In 1978, the LL.B University of London programme was discontinued and replaced by the Diploma in Law programme. The DIL programme is equivalent to the LL.B programme offered in British Universities. It is a three-year academic programme based on the structure of British Universities undergraduate law programmes. Unlike most of the British programmes however, the DIL programme at the faculty is conducted on a semester system.
Soon after, the faculty had renamed its programmes and DIL was renamed as the LL.B . The LL.B programme, however, was postgraduate programmes.
replaced with the Bachelor of Legal Studies or BLS, which was introduced in 2002.
In 1982, the faculty introduced a one-year Advanced Diploma in Law programme for graduates of the DIL programme. The ADIL programme is equivalent to a LL.B degree and recognised for legal practice. It is a simulatory programme designed to provide professional training for students in preparation for their career in the legal practice as Advocates and Solicitors. ADIL then became the LL.B. This LL.B programme is unique in which it was designed after the Inns of Court in England. The students are put in a simulated legal office environment in which they are designated in firms and given case studies.
The BLS programme was discontinued by the faculty in the recent years. Currently, the faculty is only offering the four-years LL.B programme for undergraduate while still maintaining the Final-year as the professional training-course.

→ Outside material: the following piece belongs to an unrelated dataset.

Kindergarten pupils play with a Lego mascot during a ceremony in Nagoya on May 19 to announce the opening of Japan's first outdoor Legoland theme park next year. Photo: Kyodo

Graduates of this programme are eligible to practice as deputy public prosecutors, federal counsels, parliamentary draftsmen in the attorney general's chambers, or Judicial Legal Services as magistrates, arbitrators and also be admitted as advocates and solicitors.

Controversy

In 2007, former Dean, Khalid Yusoff, was jailed three months for forgery and cheating in the July 2001 Certificate in Legal Practice examination "master list". In May 2010, he was freed by the Court of Appeal.